Gammel Strand is a street and public square in downtown Copenhagen, Denmark. On the south side it borders on the narrow Slotsholmens canal, and on the north side it borders on a number of brightly colored 18th and 19th century houses. Through the canal on the island of Slotsholmen you can see the Torvaldsens Museum and the Christiansborg Palace.
The Kunstforingen Art Gallery and the Ministry of Culture are the most prominent institutions overlooking the street.
Cradle of Copenhagen
Gammel Strand used to be a natural harbor, protected by several small islands, which later turned into Slotsholmens. It was around this harbor that Copenhagen was founded in the 11th century as a small fishing and trading settlement. However, archaeological finds show that the beach was much further inland at that time. The area was marshy, and boats just pulled up to the beach. Later, after land reclamation, the coastline was shifted and the appropriate harbor developed.
Later, Gammel Strand became the venue of a fish market, known to women who sat on the square all seasons to sell their fish. Also known as Skovserkoner Women, because they would buy their fish in the small fishing village Skovshoved north of Copenhagen and go a long way to Gammel Strand to sell them at the market. They were recognized by their distinctive white scarves. Eventually, space became too scarce, and in 1958 a new fish market opened in the South Harbor.
Destroyed by fire
Most of the buildings along Gammelstran were completely destroyed in a fire in Copenhagen in 1795. It began in the coal and wood storage facility in Gammelholm and spread to the area around the Church of St. Nicholas, then moved along Gammelstrand to the area around Gammeltorv and Nitorv. In subsequent years, the houses were restored.

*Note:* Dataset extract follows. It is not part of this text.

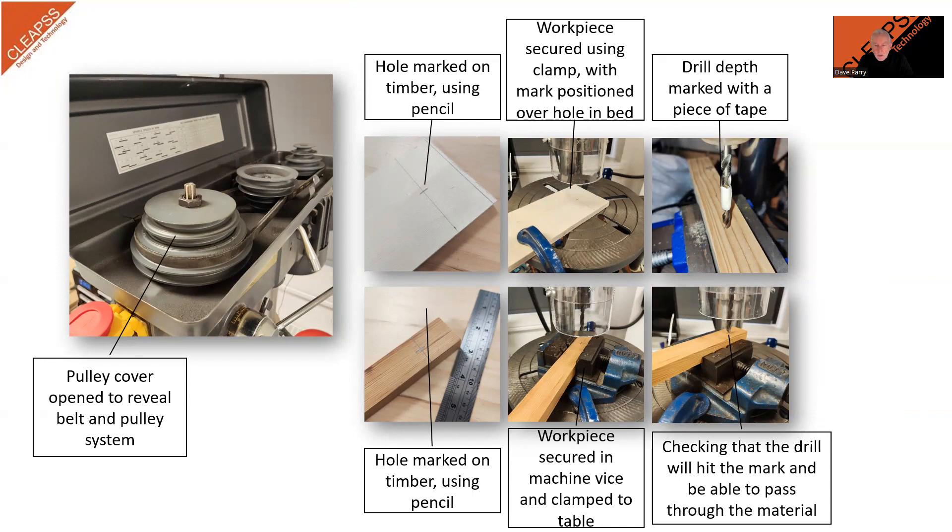Before starting the machine, the operator should check that the workpiece is at the desired height and in line with the drill bit. If you only intend to drill partway through, the depth adjustment should be set to limit how far the drill can be lowered into the workpiece. If the machine does not have a depth adjustment, a piece of tape can be attached to the drill bit. The operator should check that everything is secure, the drill is correctly held in the chuck, the workpiece is secure, and the machine is set to the correct speed. Finally, the chuck guard should be adjusted so that it covers the moving parts but does not foul the workpiece.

Most of the houses have been rebuilt and extended with additional history over the years and showcase many different styles. Despite this, the overall impression is very harmonious, and today Gammel Strand is considered one of the most delightful urban spaces in Copenhagen.
The oldest house on the street is № 48. Built in 1750 by Philippe de Lange, it survived the 1795 fire without serious damage. In 1796 it was supplemented with additional history. Today, it houses the Kunstferningen Art Gallery.